Ruben Jose King-Shaw Jr. (B.S. ILR ’83) is managing partner and chief investment officer at Mansa Capital, LLC, a health care private equity investment firm based in Boston with offices in Miami, New York and Dallas. The firm specializes in early stage growth companies in the health care services and health care information technology sectors. In that capacity, Mr. King-Shaw sits on the board of directors of many of the firm’s portfolio investments, including Independent Living Systems of Miami, where he chairs the Compliance Committee; Healthsense of Minneapolis, where he chairs the Audit Committee; and HealthPrize Technologies of South Norwalk, Connecticut, where he serves as chairman. In addition, Mr. King-Shaw sits on the board of Steward Health, a private equity sponsored Pioneer ACO based in Boston, where he serves on the Executive Committee and chairs the Compliance Committee, and Liberator Medical. From July 2003 to June 2013, Mr. King-Shaw served on the board of Watertown, Massachusetts-based Athenahealth and was elected lead director in each of his last three terms spanning a six-year period. Prior board service included WellCare Health Plans of Tampa, Florida, from 2003 to 2010 and iHealth Technologies of Atlanta from 2008 until May of 2014.

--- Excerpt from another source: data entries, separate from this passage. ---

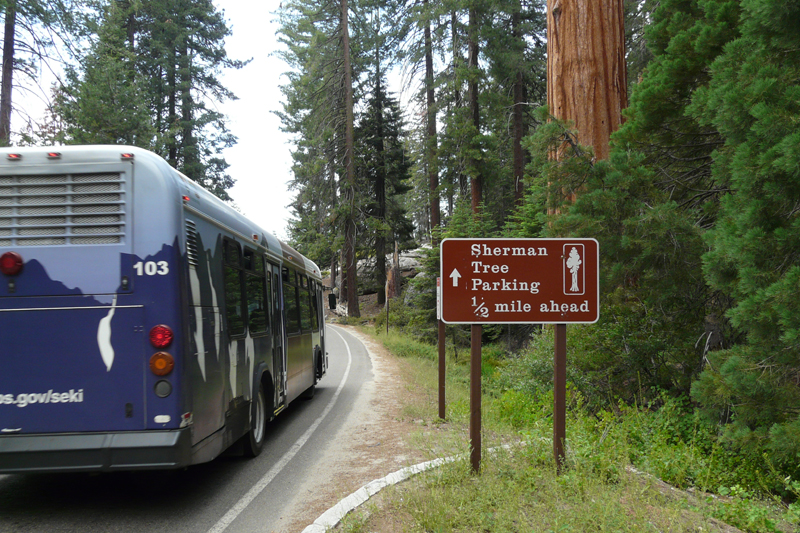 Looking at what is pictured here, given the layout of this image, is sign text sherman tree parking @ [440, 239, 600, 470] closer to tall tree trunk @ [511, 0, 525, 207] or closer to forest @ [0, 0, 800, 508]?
forest @ [0, 0, 800, 508]

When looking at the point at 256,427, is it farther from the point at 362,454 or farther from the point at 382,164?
the point at 382,164

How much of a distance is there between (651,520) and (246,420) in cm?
450

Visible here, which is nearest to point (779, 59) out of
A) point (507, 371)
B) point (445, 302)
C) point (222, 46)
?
point (445, 302)

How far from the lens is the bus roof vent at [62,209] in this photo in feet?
15.3

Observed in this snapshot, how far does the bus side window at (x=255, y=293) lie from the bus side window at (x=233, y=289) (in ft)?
1.03

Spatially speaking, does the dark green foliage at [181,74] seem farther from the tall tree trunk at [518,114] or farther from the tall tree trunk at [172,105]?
the tall tree trunk at [518,114]

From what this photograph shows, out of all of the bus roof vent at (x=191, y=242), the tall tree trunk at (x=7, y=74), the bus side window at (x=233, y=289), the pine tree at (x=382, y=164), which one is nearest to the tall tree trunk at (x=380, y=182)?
the pine tree at (x=382, y=164)

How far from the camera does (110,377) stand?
15.0ft

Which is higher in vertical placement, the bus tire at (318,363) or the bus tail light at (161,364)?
the bus tail light at (161,364)

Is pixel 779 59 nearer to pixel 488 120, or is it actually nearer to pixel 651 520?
pixel 651 520

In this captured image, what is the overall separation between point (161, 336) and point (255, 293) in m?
2.67

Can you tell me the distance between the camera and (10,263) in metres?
4.63

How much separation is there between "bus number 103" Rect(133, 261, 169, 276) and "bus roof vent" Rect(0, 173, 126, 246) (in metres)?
0.30

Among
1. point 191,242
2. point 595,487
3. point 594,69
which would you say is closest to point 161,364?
point 191,242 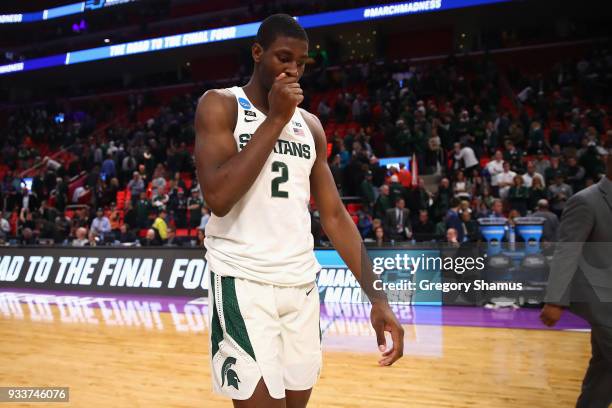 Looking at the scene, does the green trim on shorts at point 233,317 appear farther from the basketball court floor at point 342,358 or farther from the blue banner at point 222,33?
the blue banner at point 222,33

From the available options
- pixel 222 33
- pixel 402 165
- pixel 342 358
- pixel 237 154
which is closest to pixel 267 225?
pixel 237 154

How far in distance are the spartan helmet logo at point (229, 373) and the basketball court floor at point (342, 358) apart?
2704mm

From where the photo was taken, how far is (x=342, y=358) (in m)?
6.12

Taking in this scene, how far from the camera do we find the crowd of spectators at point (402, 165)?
36.1ft

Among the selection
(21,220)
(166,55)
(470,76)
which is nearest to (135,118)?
(166,55)

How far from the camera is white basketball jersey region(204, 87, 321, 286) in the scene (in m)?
2.11

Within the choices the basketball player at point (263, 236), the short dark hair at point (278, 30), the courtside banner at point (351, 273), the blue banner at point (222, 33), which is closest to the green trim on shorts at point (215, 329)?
the basketball player at point (263, 236)

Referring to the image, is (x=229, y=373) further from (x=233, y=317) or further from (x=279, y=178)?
(x=279, y=178)

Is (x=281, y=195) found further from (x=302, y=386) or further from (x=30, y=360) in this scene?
(x=30, y=360)

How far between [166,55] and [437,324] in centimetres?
2146

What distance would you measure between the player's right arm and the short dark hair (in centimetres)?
21

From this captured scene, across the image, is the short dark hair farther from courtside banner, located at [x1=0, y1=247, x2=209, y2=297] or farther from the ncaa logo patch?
courtside banner, located at [x1=0, y1=247, x2=209, y2=297]

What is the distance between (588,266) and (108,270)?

Mr. King-Shaw remains active in public service. He was appointed to the Obama administration’s Medicare Program Advisory and Oversight Commission, which was charged with reforming how the Medicare program procures specific products and services using value-based strategies and establishing the foundations for much of President Obama’s health care reform programs. Mr. King-Shaw joined the Cornell University Board of Trustees in 2011. In 2005 Massachusetts Governor Mitt Romney appointed him to the University of Massachusetts board of trustees, and in 2010 was reappointed for a second term by Governor Deval Patrick. Abbott Laboratories named Mr. King-Shaw to its Health Strategy and Policy Board in 2005. That same year, New York Governor George Pataki appointed Mr. King-Shaw to the Commission on Health Care Facilities in the 21st Century.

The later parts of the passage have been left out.